# hello



## yadzni (Feb 24, 2005)

Hello to all the members. I'm new to this web site. My DH and I were ttc for 2 1/2 years now. I'm 35 and my dh is 33y.o. I just started on clomid which they have prescribed. It was found out on my blood tests that my progesterone level was low and that's the only problem they could see for now. I'm hoping it would turn out ok after having the treatment. Good luck to everyone. 


       Love,
           YADZNI


----------



## Jennifer (Jul 22, 2004)

Hi There Yadzni 

I just wanted to wish you a warm Welcome to FF!  You will find all the support and help you could possibly ask for on this site.

Best of Luck
Jennifer xx


----------



## flowerpot (Jan 20, 2005)

and welcome to FF

Why not come over the Clomid girls thread?  all the girls there are great and we help each other out.  Hope the clomid works for you.  I'm on Clomid because of low ovulation found on blood tests too.

Good luck xxx


----------



## yadzni (Feb 24, 2005)

Hi Jennifer, thanks for welcoming me in ff.
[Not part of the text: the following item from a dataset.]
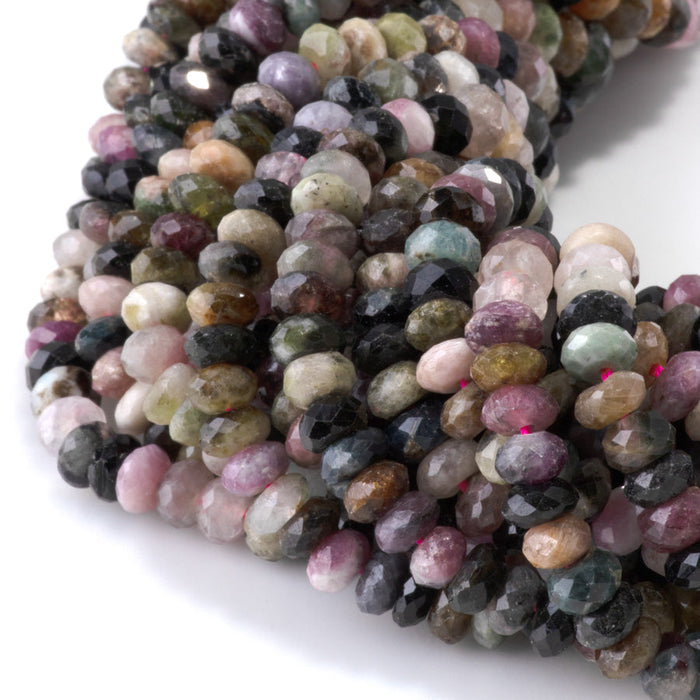 This is a Dakota Stones 4x6mm Multi Tourmaline Gemstone strand with faceted rondelle beads in 15-16 inch strand.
It's nice to have someone to chat to and find different views on the different treatments. It's very interesting to be a part of ff and i'm sure i could get a lot of encouragements from all of you. It was not a very good start for me actually, as banana smiley didn't appear on my first message, but never mind i'm sure everyone would understand. 

  It's me,
          YADZNI


----------



## yadzni (Feb 24, 2005)

Hi clomid girls, it's nice to hear from you. What's up with you clomid girls thread? any updates that you could tell me. Thanks for the invitation, i'd love to have a chat with you all.

      YADZNI


----------



## Jennifer (Jul 22, 2004)

about the banana you just need a space after it before the next character - 

Just to let you know that you can edit your post, make corrections etc !  Just click the "Modify" button !   There are more smileys too, at the end of the smiley list click "more" and there are loads of little piccies to choose from !  Have fun


----------



## kahew (Oct 23, 2004)

to yadzni
  just a quick hello and welcome to the site, you'll find it relly helpful on your baby journey.
    good luck
              K  xx


----------



## NikkiK (Feb 15, 2005)

Hi Yadzni

 and welcome to FF. I'm sure you will find this site very useful, every one is so friendly. I'm also on the clomid thread (I come under the bracket of unexplained), I start taking them next week but I have found all the girls on the thread to be lovely.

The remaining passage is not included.